▶ _Material provided_:
######

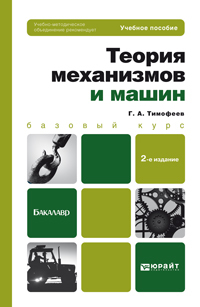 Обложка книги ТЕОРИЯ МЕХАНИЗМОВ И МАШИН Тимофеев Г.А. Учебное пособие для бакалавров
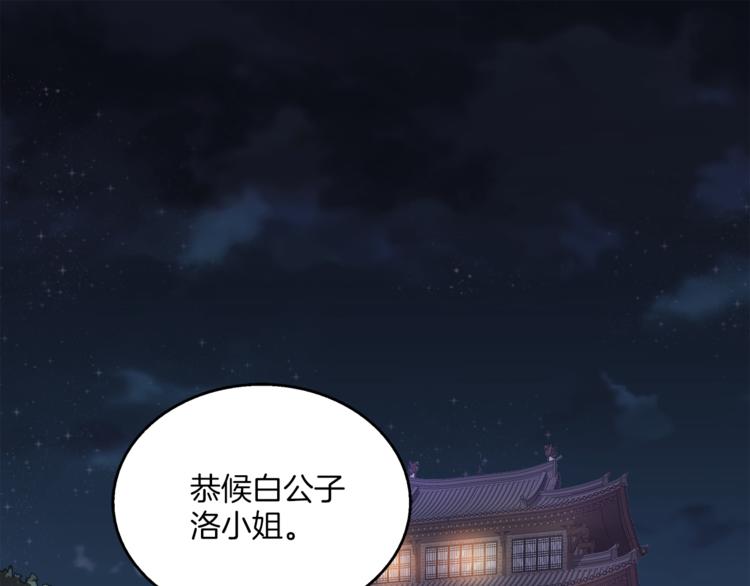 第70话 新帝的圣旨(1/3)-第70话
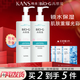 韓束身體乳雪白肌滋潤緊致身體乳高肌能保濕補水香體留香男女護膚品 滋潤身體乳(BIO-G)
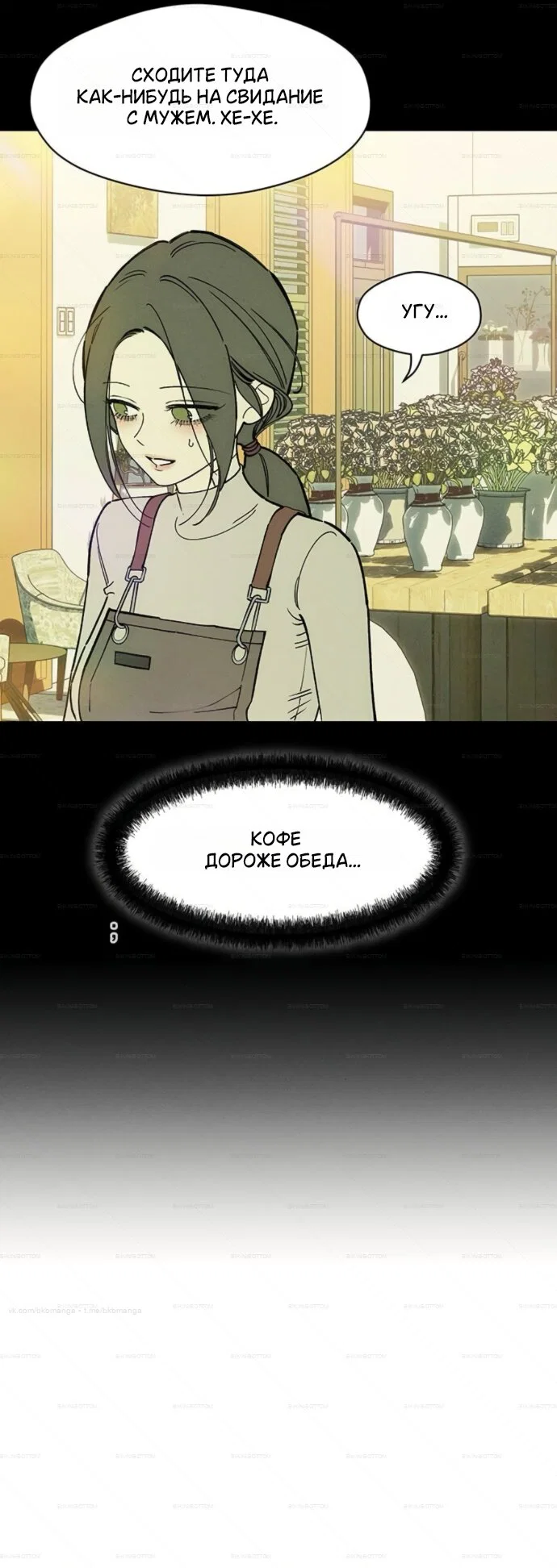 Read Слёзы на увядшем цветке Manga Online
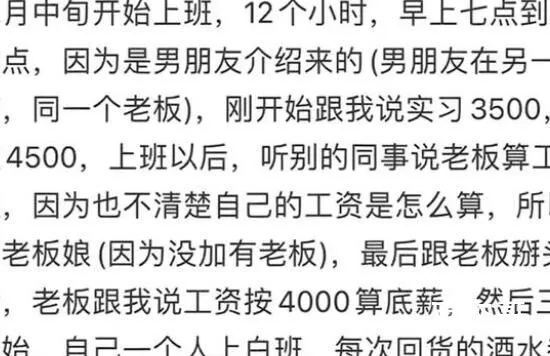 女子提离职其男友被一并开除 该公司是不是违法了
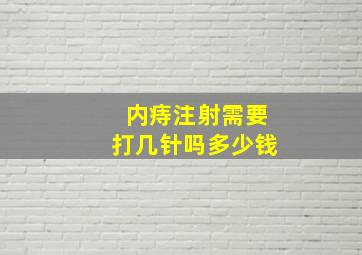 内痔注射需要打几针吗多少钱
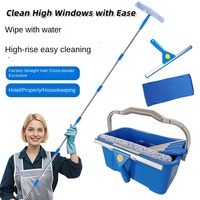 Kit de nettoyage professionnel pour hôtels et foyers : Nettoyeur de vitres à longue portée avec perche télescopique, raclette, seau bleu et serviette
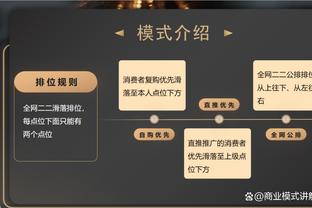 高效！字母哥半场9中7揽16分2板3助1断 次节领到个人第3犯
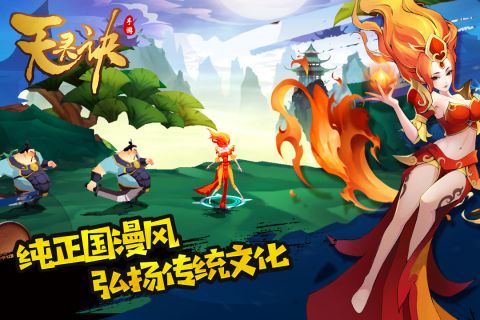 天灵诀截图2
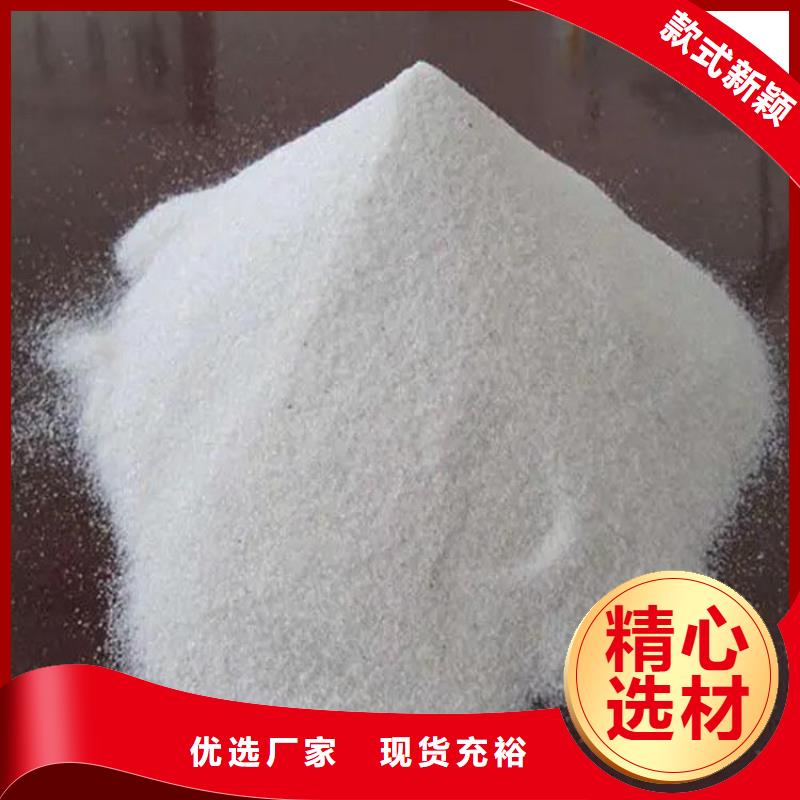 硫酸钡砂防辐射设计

######

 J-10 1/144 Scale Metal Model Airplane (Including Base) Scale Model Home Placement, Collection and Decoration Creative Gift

######

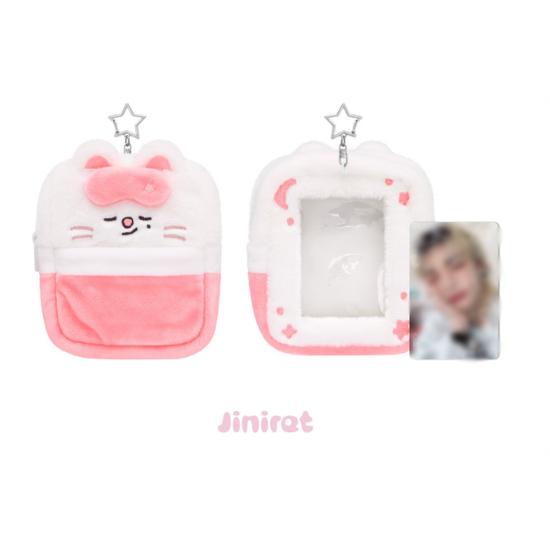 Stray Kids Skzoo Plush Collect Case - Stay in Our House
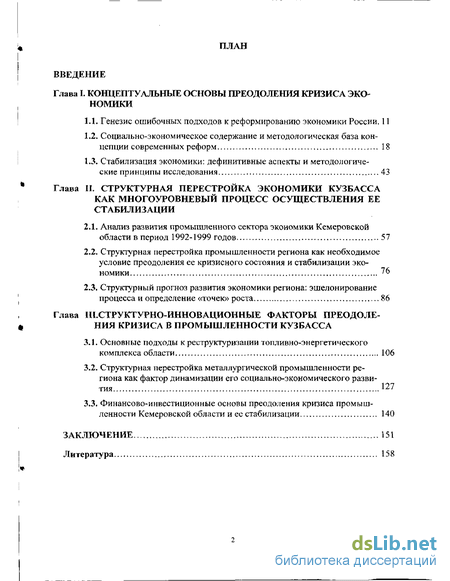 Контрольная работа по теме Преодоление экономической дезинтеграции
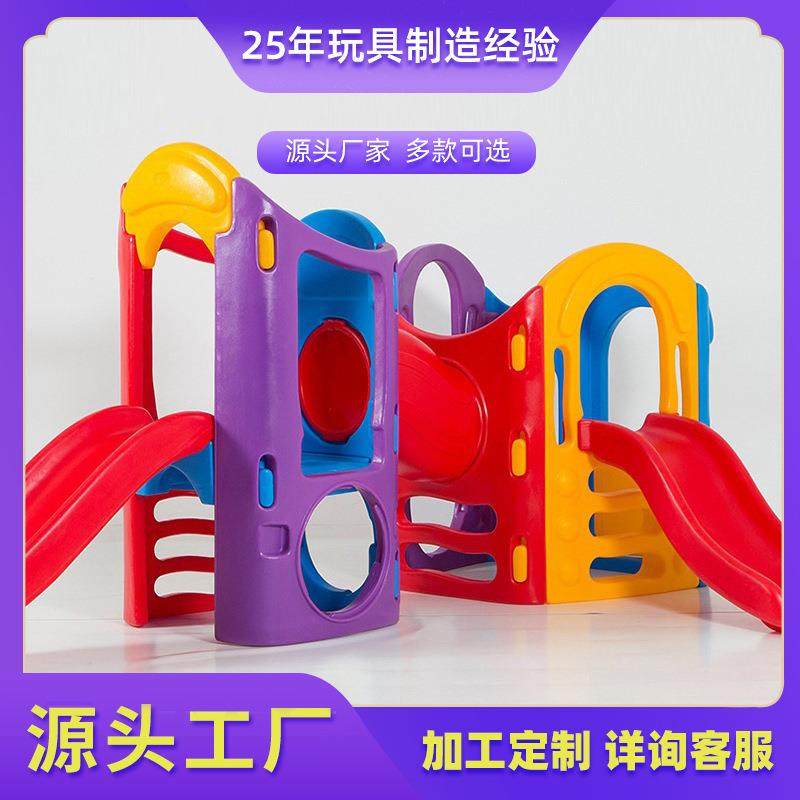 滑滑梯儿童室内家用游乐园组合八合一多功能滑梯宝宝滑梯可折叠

######

▶ _Task objective_: Write out exactly the run of lines above that starts at the line containing "Контрольная работа по" and ends at the line containing "滑滑梯儿童室内家用游乐园组合八合一多功能滑梯宝宝滑梯可折叠". Include both, and leave the pictures out.

▶ _Solution_:
 Контрольная работа по теме Преодоление экономической дезинтеграции
 滑滑梯儿童室内家用游乐园组合八合一多功能滑梯宝宝滑梯可折叠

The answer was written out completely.